Tomorrow I go in for my initiation. I am very nervous about it but have been looking forward to joining for a while. I think I'm nervous cause I don't know what to expect. Needed some words of advise .


----------



## dmurawsky (Dec 2, 2014)

Breathe. Get there early and socialize. Remember that these are your soon to be brethren. Listen and pay attention to details.


----------



## dfreybur (Dec 2, 2014)

Welcome to the family once adopted brother.


----------



## Kyle Samuel (Dec 2, 2014)

Truly amazing . Thank you brothers for the help and support.


----------



## Warrior1256 (Dec 3, 2014)

Congratulations brother, the best is yet to come.


----------



## CloseYetFar (Dec 4, 2014)

Congratulations and welcome!


----------



## Kyle Samuel (Dec 4, 2014)

After the night was done I felt like I wanted more. I wanted to understand more. More light. Not sure if that is normal.


----------



## CloseYetFar (Dec 4, 2014)

Kyle Samuel said:


> After the night was done I felt like I wanted more. I wanted to understand more. More light. Not sure if that is normal.

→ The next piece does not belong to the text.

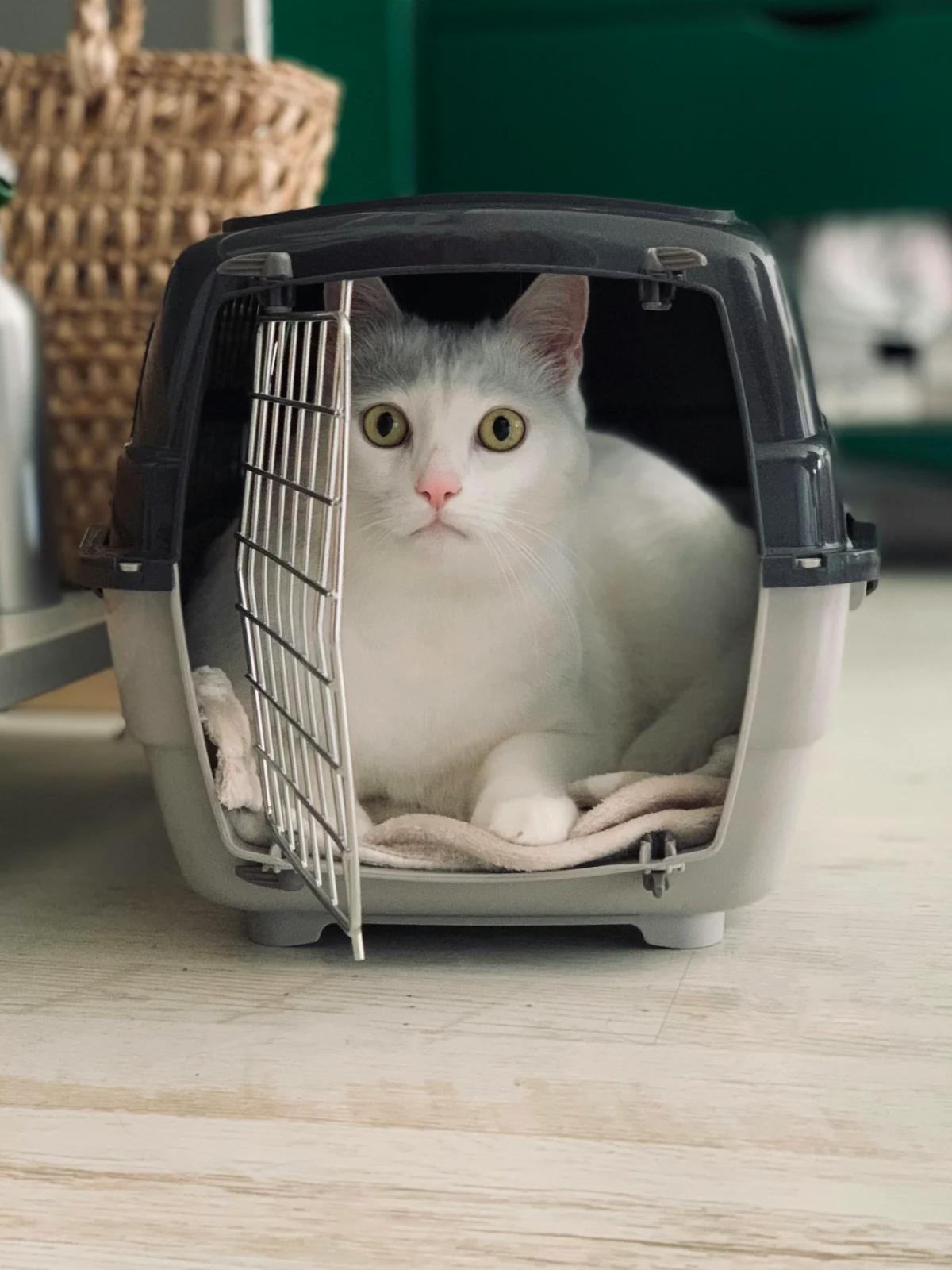 Móveis para Pets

It is normal, at least in my experience.  Also remember as you are going over your proficiency with your mentor you can ask questions about all of the things you went through.  That will give you a better understanding of things.  Try to go see one for yourself though.  That's where a lot sunk in for me.  You get to watch and hear.  It also helps out with the material you have to learn.


----------



## dfreybur (Dec 4, 2014)

Kyle Samuel said:


> After the night was done I felt like I wanted more. I wanted to understand more. More light. Not sure if that is normal.



A bit of perspective - The Master Mason degree is the end of the degree work, but it is also the beginning of the life work of a new brother.  There's always more.  Part of why brothers go to other Masonic organizations is for more.  But most of the more stuff is how you live your life and how you find meaning in the degrees.  There's enough material in the first three degrees to keep learning the rest of our lives.

Yep, more.  Good stuff, that wanting more.


----------



## Warrior1256 (Dec 4, 2014)

Kyle Samuel said:


> After the night was done I felt like I wanted more. I wanted to understand more. More light. Not sure if that is normal.


It is very normal, you'll love the rest of your journey.


----------



## Bro. Staton (Dec 28, 2014)

Seeking more is normal so your good. Just stay focused and enjoy the journey....


----------